▶ **PROMPT**
Please copy each line of the listing below precisely, excluding the images.

--- --- ---

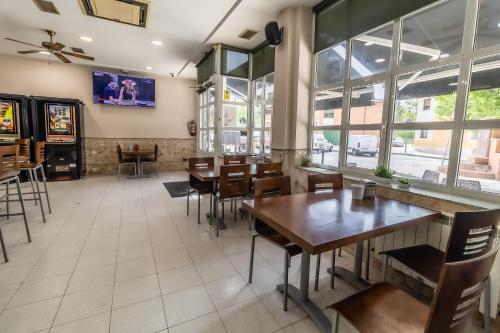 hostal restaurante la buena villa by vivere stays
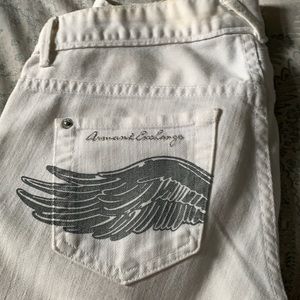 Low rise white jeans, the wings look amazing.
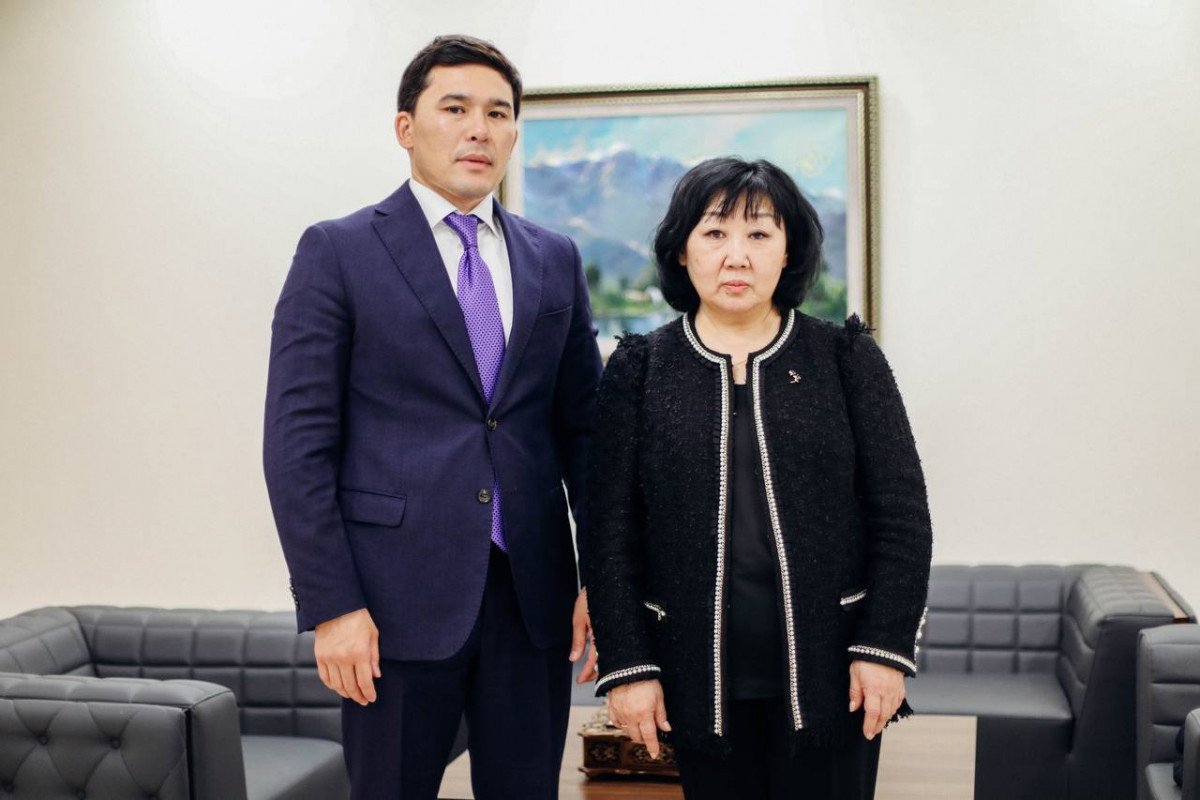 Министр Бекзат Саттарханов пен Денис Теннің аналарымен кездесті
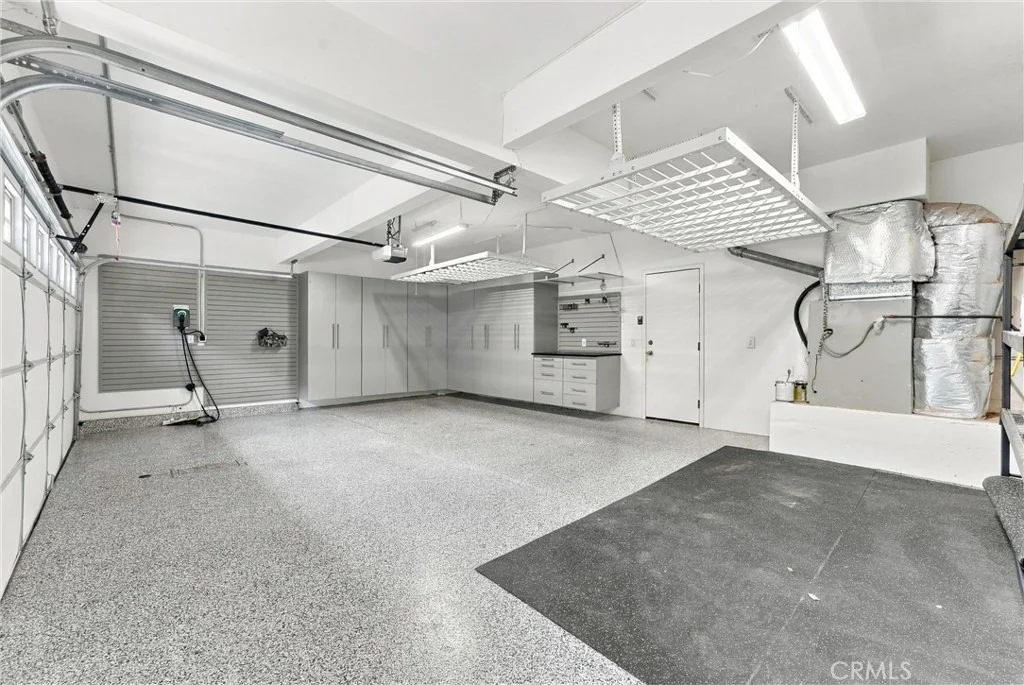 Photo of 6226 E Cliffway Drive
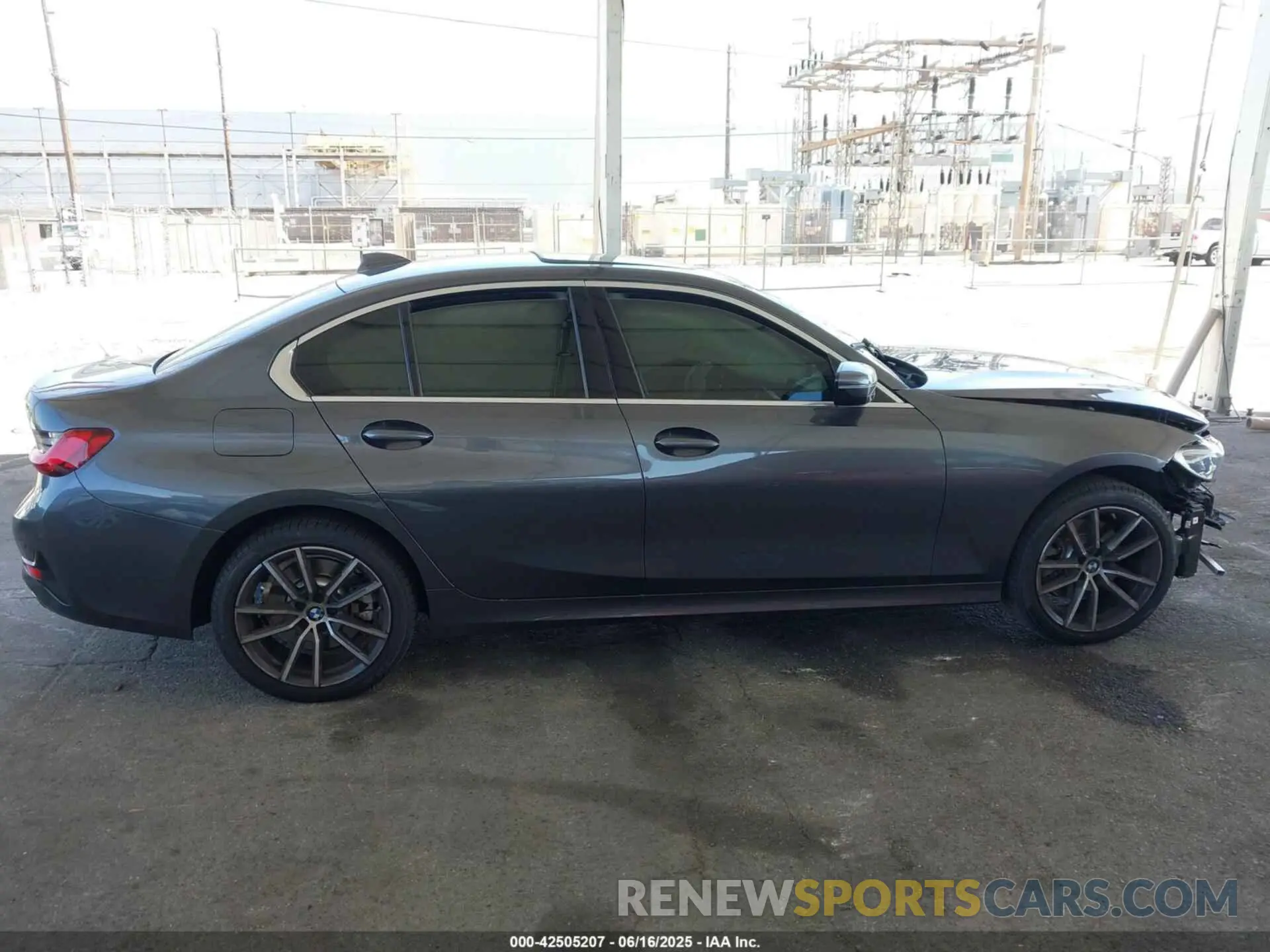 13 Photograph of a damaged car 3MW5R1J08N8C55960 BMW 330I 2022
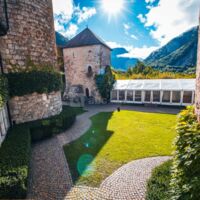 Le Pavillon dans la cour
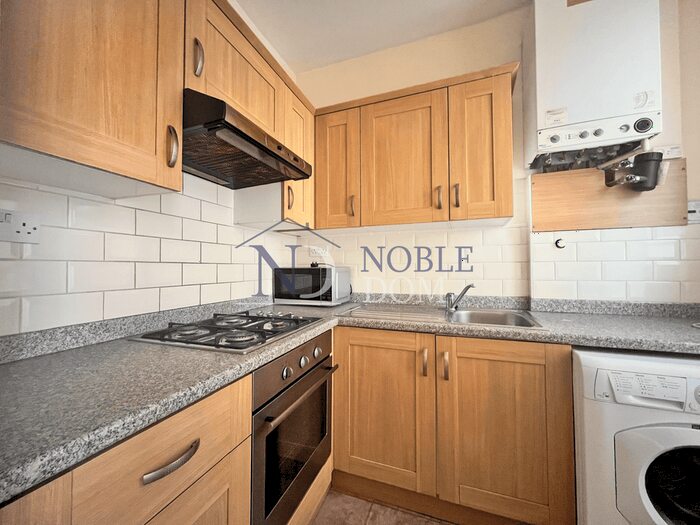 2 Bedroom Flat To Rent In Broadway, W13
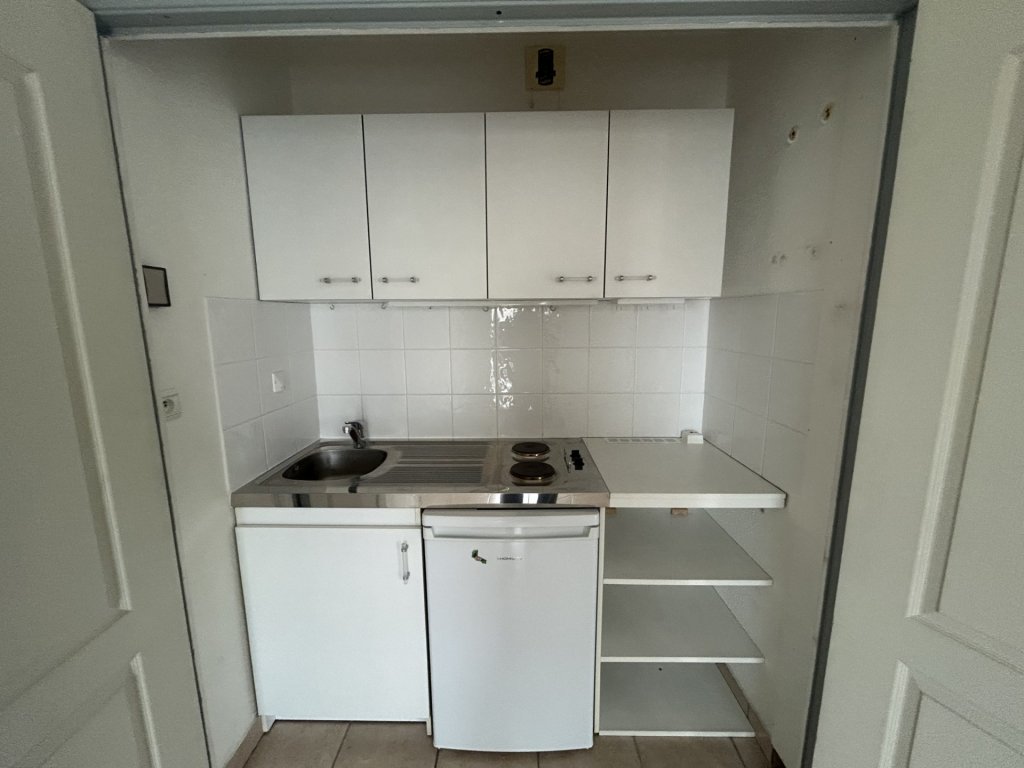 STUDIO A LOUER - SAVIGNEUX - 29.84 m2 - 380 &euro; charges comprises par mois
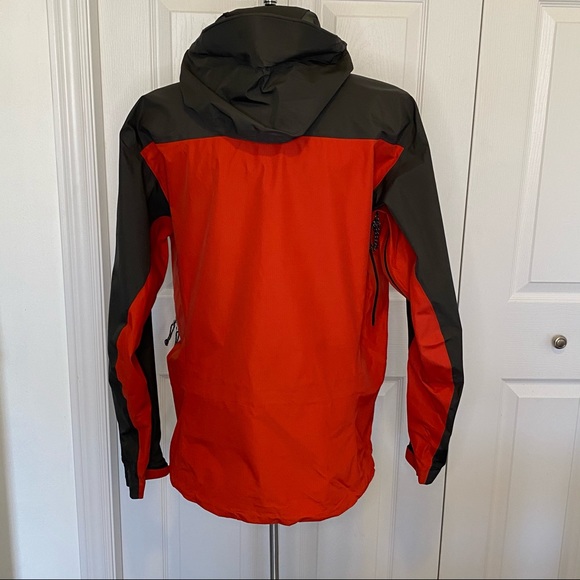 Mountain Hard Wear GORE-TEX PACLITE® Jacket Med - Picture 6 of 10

--- --- ---

▶ **PROBLEM SOLUTION**
 hostal restaurante la buena villa by vivere stays
 Low rise white jeans, the wings look amazing.
 Министр Бекзат Саттарханов пен Денис Теннің аналарымен кездесті
 Photo of 6226 E Cliffway Drive
 13 Photograph of a damaged car 3MW5R1J08N8C55960 BMW 330I 2022
 Le Pavillon dans la cour
 2 Bedroom Flat To Rent In Broadway, W13
 STUDIO A LOUER - SAVIGNEUX - 29.84 m2 - 380 &euro; charges comprises par mois
 Mountain Hard Wear GORE-TEX PACLITE® Jacket Med - Picture 6 of 10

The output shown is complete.